Directed by David O. Russell
Starring Mark Wahlberg, Christian Bale, Amy Adams, Melissa Leo
For a movie that deals with a couple of all-too-familiar genres — biopics and pugilist tales — “The Fighter” feels surprisingly fresh. Director David O. Russell, who’s known for less mainstream fare like “I Heart Huckabees” and “Three Kings,” brings a spry, often humorous touch to what could easily have been a humdrum narrative of a rising boxing star.
Mark Wahlberg plays Mickey Ward, the welterweight boxing champ from Lowell, Mass., while a haggard Christian Bale throws himself into the role of Dicky Eklund, Mickey’s older half-brother and trainer. Dicky, a garrulous washed-up boxer who loves to boast about the time he knocked out Sugar Ray Leonard, is good at inadvertently stealing Mickey’s thunder. Loved by his townies and nicknamed the “Pride of Lowell,” he thinks he knows what’s best for his little brother, both in life and in the ring.
Unfortunately, Dicky’s flushing his credibility down the drain with a cocaine habit. Their mother, played by Melissa Leo, is no help. Acting as Micky’s manager, she turns a blind eye to her favored son’s addiction and, despite her good intentions, is a crummy manager. Micky, sweet kid that he is, sticks with his mother and brother but is also hobbled by them — a fact that his new girlfriend (Amy Adams) is quick to point out.

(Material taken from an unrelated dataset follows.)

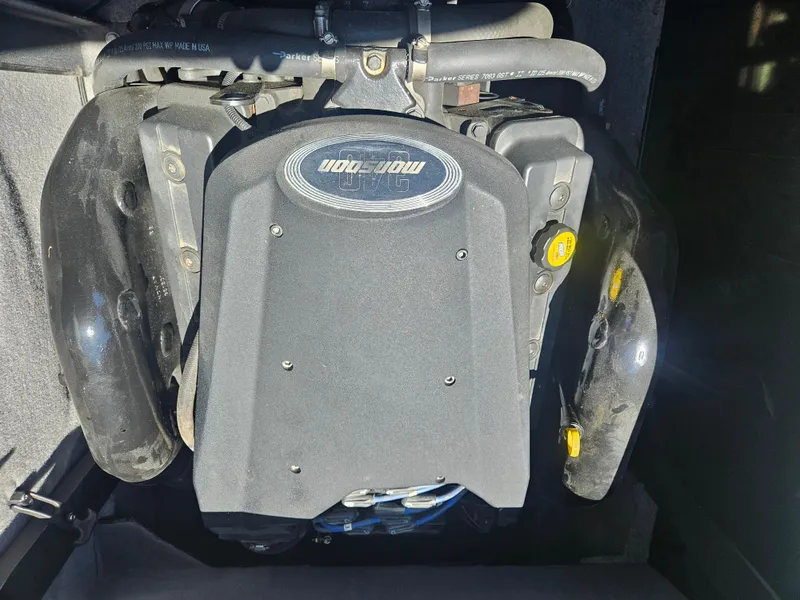 Slide: The Image of Malibu Wakesetter 23 XTi 2005 - 12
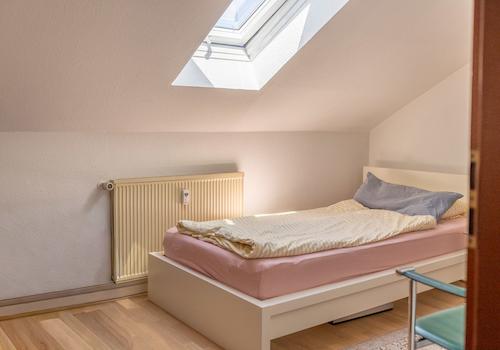 Wohnen mit Charme unter dem Dach – 4-Zimmer-Wohnung mit Westbalkon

The credit in “The Fighter” really goes to the sheer talent of the ensemble cast. Bale positively transforms for this role — emaciated but full of heart, he is about as far away from Batman as one could get. Leo is a riot as are the actresses who play her posse of cackling, obsequious daughters — all of them with matching feathered ’80s hair. Even Wahlberg, who has a tendency to come across as overly earnest in movies, is nicely understated here.
“The Fighter” can’t avoid a rote quality that comes with the territory of sports flicks. Still, Russell works superbly within the confines of a predictable story. He doesn’t dally on sentiment, and the boxing is paced the way you wish more boxing movies would pace bouts: packed with blood and grit but quick to climax.